(Beginning of Data provided)
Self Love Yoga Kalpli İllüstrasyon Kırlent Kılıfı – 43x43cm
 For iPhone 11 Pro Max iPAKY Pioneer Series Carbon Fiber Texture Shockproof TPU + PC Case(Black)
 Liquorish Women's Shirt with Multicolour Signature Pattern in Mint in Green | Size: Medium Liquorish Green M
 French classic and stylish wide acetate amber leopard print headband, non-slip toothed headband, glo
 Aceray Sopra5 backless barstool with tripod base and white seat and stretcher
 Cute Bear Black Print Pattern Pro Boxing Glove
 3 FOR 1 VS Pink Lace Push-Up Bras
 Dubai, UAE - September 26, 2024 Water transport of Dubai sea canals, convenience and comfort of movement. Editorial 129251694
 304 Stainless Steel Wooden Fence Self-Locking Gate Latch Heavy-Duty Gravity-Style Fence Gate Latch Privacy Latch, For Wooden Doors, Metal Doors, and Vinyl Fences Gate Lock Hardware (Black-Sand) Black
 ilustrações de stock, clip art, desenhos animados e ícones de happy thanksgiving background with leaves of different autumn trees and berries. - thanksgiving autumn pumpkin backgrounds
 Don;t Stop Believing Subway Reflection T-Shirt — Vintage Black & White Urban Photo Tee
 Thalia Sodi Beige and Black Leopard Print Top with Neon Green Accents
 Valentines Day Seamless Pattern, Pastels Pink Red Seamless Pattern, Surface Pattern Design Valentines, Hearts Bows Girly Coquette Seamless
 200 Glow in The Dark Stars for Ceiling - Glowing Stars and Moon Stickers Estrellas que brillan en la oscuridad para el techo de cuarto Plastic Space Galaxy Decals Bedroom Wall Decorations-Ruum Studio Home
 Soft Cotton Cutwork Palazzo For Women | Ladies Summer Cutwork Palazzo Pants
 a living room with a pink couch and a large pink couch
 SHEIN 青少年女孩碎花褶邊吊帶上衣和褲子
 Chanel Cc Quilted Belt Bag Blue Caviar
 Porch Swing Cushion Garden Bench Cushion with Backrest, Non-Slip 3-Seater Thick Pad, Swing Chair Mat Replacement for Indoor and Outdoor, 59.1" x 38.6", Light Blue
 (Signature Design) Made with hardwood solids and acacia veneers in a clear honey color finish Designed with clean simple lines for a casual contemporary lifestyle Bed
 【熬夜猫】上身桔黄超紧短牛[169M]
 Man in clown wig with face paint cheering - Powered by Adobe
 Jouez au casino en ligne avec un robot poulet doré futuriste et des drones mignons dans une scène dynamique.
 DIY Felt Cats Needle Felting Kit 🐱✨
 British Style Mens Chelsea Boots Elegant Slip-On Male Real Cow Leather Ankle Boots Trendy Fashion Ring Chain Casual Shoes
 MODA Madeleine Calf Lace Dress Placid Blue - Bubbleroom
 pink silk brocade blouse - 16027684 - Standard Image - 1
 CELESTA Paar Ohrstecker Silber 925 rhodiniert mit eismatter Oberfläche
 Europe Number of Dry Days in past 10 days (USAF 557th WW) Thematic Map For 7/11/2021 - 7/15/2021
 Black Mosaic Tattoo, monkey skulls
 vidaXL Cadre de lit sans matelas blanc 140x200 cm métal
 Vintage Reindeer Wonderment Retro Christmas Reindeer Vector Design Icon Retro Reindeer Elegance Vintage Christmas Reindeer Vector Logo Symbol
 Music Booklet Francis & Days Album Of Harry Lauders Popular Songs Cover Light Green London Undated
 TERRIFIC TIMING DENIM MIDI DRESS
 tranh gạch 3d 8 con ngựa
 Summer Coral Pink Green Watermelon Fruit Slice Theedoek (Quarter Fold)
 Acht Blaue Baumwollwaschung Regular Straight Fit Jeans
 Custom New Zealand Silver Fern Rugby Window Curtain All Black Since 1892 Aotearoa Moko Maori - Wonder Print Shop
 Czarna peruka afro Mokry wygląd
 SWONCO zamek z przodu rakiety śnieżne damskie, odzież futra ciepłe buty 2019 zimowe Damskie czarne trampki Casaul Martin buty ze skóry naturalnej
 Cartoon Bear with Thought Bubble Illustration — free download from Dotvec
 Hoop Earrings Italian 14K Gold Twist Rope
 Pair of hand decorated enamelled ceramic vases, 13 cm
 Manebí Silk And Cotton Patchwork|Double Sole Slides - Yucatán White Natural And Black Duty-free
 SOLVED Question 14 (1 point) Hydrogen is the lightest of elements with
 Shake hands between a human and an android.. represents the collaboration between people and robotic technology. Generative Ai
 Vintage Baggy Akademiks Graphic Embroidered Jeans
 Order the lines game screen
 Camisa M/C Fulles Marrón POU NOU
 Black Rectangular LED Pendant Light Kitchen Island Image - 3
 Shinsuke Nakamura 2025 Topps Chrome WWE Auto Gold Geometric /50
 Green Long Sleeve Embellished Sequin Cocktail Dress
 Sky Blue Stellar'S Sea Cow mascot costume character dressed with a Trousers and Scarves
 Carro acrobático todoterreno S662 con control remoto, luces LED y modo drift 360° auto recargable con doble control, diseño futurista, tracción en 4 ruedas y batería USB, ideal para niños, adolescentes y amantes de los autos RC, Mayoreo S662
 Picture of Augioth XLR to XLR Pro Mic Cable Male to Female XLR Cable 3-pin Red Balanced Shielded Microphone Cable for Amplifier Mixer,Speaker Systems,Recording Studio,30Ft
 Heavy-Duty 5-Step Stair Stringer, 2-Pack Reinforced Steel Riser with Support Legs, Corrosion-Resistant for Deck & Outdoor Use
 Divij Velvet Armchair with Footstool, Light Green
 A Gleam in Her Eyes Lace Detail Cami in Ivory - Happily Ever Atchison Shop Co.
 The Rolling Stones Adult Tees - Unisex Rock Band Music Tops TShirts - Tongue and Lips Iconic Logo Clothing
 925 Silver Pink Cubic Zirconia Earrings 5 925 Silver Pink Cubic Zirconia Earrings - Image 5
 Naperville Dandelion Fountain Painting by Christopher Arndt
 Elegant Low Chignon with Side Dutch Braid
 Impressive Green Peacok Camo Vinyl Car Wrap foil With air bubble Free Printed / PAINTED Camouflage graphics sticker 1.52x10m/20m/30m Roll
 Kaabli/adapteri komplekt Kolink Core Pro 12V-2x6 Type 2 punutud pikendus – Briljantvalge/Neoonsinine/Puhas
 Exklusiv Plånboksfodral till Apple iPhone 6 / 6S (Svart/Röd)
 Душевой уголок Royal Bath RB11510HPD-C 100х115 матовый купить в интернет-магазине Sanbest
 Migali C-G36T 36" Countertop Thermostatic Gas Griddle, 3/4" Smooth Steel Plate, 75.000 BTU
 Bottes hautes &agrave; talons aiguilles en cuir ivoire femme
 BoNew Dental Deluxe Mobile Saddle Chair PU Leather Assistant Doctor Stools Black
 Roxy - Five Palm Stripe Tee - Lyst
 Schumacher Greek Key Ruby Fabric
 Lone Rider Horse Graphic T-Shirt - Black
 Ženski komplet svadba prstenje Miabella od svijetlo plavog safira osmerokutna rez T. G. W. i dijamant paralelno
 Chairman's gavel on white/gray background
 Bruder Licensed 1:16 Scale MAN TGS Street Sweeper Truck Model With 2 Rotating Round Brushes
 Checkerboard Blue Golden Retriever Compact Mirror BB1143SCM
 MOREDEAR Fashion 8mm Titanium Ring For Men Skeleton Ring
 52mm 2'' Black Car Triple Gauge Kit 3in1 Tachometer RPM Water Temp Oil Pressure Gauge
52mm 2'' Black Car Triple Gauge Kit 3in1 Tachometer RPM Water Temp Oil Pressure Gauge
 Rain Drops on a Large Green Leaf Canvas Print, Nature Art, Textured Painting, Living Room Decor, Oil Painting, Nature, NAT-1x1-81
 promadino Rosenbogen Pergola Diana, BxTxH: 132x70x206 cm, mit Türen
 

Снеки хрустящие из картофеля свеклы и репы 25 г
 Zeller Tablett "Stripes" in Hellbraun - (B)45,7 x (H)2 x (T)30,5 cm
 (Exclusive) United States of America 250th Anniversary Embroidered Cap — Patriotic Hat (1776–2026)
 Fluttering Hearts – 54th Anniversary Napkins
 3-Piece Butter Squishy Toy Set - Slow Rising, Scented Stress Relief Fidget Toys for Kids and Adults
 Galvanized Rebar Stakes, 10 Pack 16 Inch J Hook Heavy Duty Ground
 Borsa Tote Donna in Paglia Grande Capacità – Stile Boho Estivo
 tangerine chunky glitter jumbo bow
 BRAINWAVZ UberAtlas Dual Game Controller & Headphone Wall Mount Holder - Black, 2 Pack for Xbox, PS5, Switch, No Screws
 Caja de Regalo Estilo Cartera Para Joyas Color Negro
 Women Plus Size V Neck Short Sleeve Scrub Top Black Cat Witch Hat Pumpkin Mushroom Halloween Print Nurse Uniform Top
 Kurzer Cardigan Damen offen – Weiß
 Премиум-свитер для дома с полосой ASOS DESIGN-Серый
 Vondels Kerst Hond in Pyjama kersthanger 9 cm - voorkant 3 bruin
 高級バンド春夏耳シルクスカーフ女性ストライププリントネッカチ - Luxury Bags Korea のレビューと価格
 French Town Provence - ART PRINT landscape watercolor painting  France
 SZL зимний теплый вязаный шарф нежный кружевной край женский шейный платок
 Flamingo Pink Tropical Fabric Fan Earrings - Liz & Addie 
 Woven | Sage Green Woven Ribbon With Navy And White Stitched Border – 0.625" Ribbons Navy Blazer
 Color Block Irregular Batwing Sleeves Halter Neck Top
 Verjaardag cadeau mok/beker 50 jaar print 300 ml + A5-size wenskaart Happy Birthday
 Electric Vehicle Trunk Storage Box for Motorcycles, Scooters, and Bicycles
(End of Data provided)
● What you will do
When the line with "MOREDEAR Fashion 8mm" is reached in the data above, start copying there, and copy each line exactly until the line with "Снеки хрустящие из" has been copied; copy nothing else.

● Answer section
 MOREDEAR Fashion 8mm Titanium Ring For Men Skeleton Ring
 52mm 2'' Black Car Triple Gauge Kit 3in1 Tachometer RPM Water Temp Oil Pressure Gauge
52mm 2'' Black Car Triple Gauge Kit 3in1 Tachometer RPM Water Temp Oil Pressure Gauge
 Rain Drops on a Large Green Leaf Canvas Print, Nature Art, Textured Painting, Living Room Decor, Oil Painting, Nature, NAT-1x1-81
 promadino Rosenbogen Pergola Diana, BxTxH: 132x70x206 cm, mit Türen
 

Снеки хрустящие из картофеля свеклы и репы 25 г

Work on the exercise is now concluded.